It is very well established that one man may steal a horse while another may not so much as look over the hedge.

As is generally called a conjunction, but in the combination such as it is rather a relative pronoun than a conjunction; and it bears distinctly its old character of a relative pronoun in the following quotation :

As far as I can see, 'tis them as is done wrong to as is so sorry and penitent and all that, and them as wrongs is as comferble as ever they can stick.-Lettice Lisle, ch. xxvii.

In quoting a passage of this sort, I am liable I know to be challenged as if I had produced an arbitrary or unauthoritative illustration. But for me it is authority enough to know that this way of speaking is used by millions of speakers. And the present is a case in which the dialect supplies a link which the central language has lost. Herein lies the difference between a grammatical and a philological illustration, that the former requires literary authority, the latter only existence, as its warrant. I grant that if in any writing of my own I adopted this use of as, I might be justly confronted with the demand for my 'authority.' If I declined the challenge, and

continued to use the expression, it would amount to a trial of strength on my part whether I had the power to introduce this provincialism. Occasionally a strange expression is admitted, but the privilege of ushering it belongs chiefly to those lawful lords of literature, the poets. I am under the ordinary rules of grammar in my composition, but not in my illustrations. Why, indeed, the best facts of language often lie beyond these formal props that fence the park of literature! Therefore I trust that the benevolent reader will not cavil about authority, but gratefully acknowledge the help which the dialects supply towards a completer view of our language.

We will conclude this list of interchangeable functions by the remark that the interjection shares in this faculty of transformation. It may become a verb, as when we say 'to pooh-pooh a question'; or a noun, as—

Many hems passed between them, now the uncle looking on the nephew, now the nephew on the uncle.-Sir Charles Grandison, Letter xvi.

Or, as in the following from Cowper:

Where thou art gone,

Adieus and farewells are a sound unknown.

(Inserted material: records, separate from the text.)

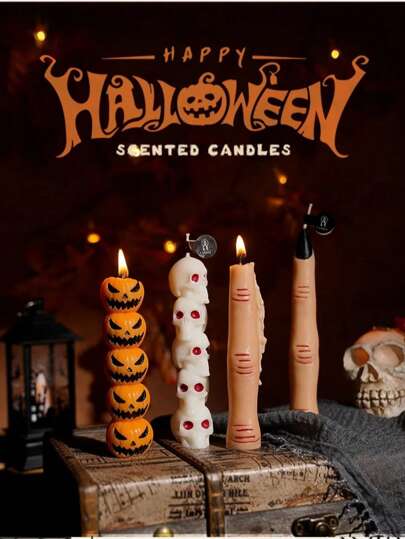 1-4 pièces - Collection de bougies parfumées en cire de soja aux designs de crâne, citrouille et main de squelette, chacune avec son propre emballage en boîte coordonné en couleur. Bougies créatives disponibles en plusieurs parfums. Parfait pour la décoration intérieure et les centres de table. Un choix de cadeau idéal pour les amis et la famille.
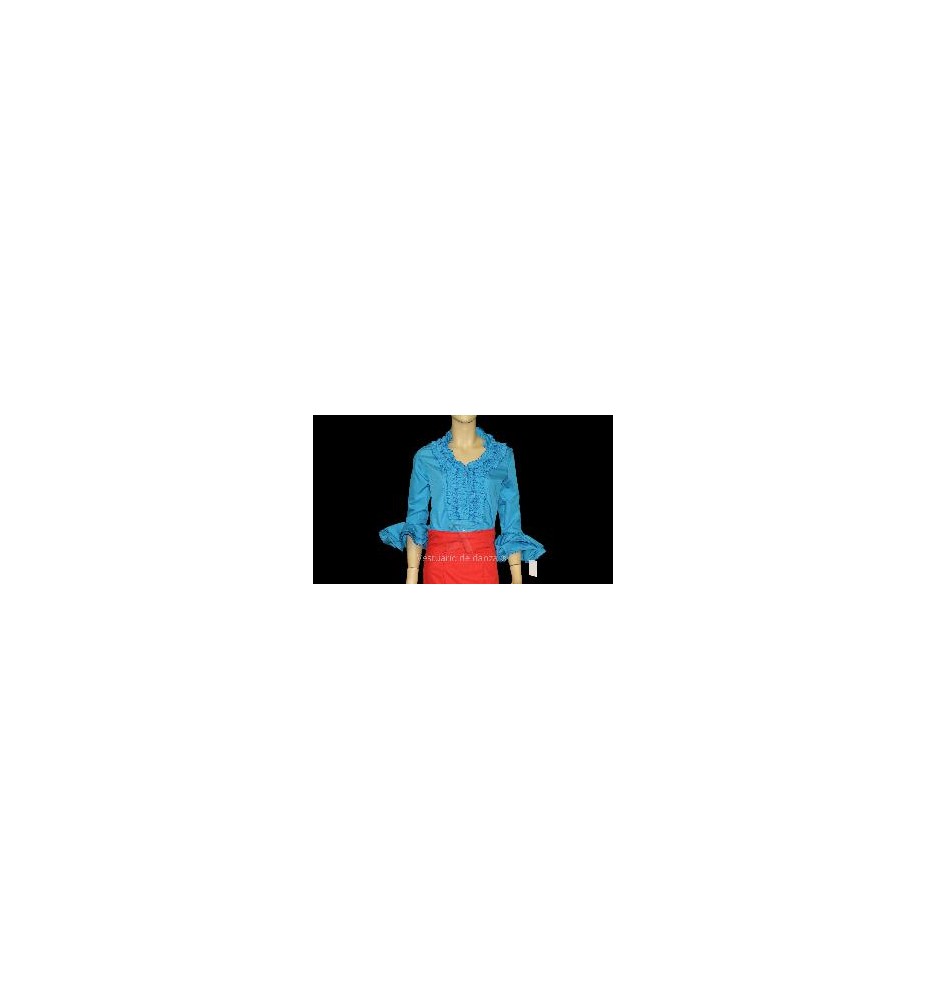 -CAMISA FLAMENCA AZUL TURQUESA 56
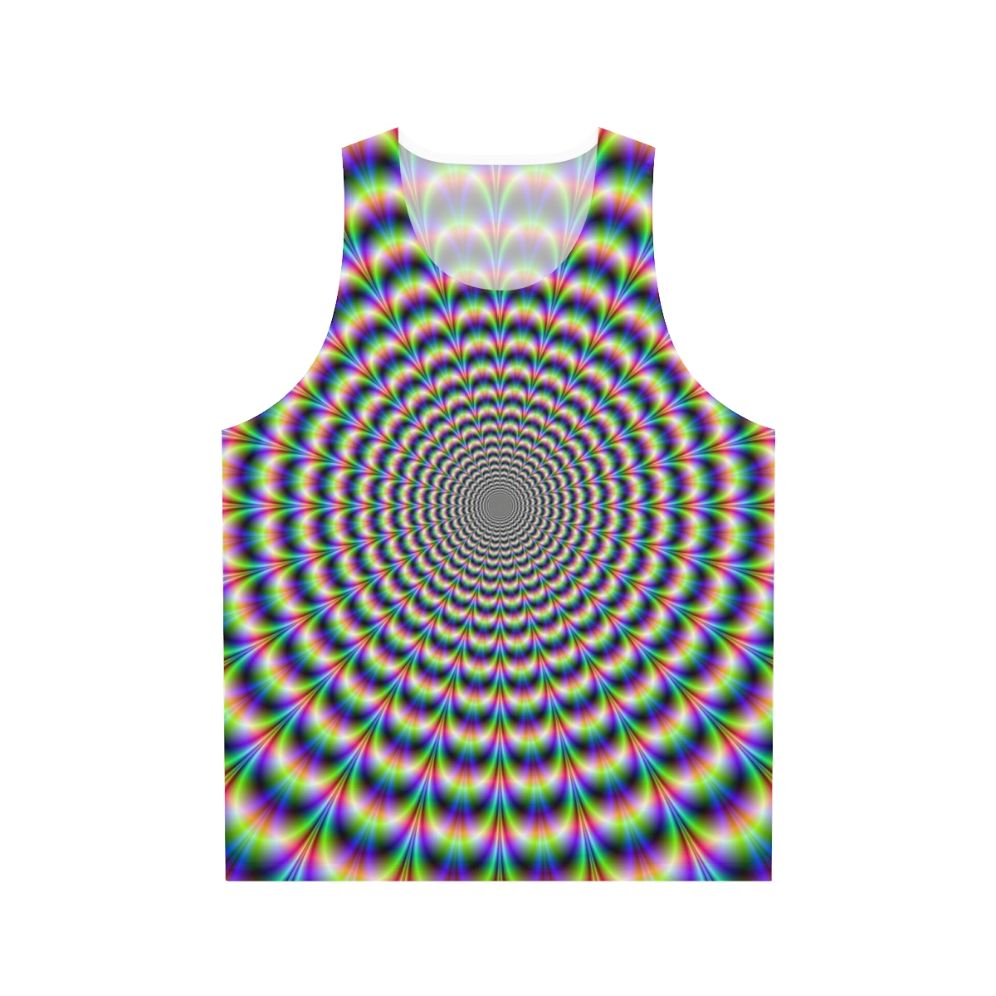 Psychedelic pulse unisex tank top with vibrant optical illusion design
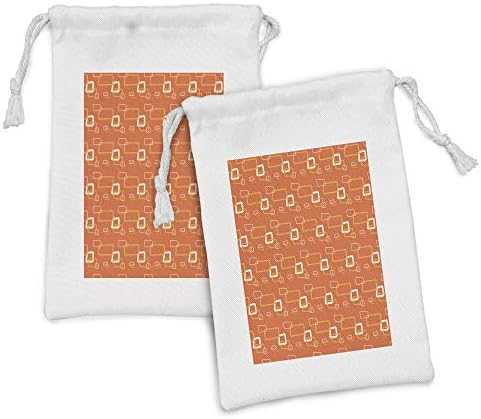 Lunarna moderna torbica od narančaste tkanine 2, pravokutni oblici u ponavljajućeg dizajna geometrijskog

222. The difference of function which one and the same word may perform, often furnishes the ground of a playful turn of expression, something like a pun. But it is distinct. from a pun, is more subtle, and is allowed to constitute the point of an epigram, as in that of Mrs. Jane Brereton on Beau Nash's full-length picture being placed between the busts of Newton and Pope:

This picture placed these busts between,

Gives satire its full strength;

Wisdom and wit are little seen,

But folly at full length.

This is a play on two functions of the word little, which

must here be thought of as adjective and adverb at once, i. e. (in Latin) as equal at once to exigui, small, and to parum, not enough. For want of attention to this, the line has been erroneously edited thus:

Wisdom and wit are seldom seen.

If any one wishes for more illustrations of this fact, that the grammatical character of a word is only a habit-one actual habit out of many possible ones-he should consider some of the following references to Shakspeare.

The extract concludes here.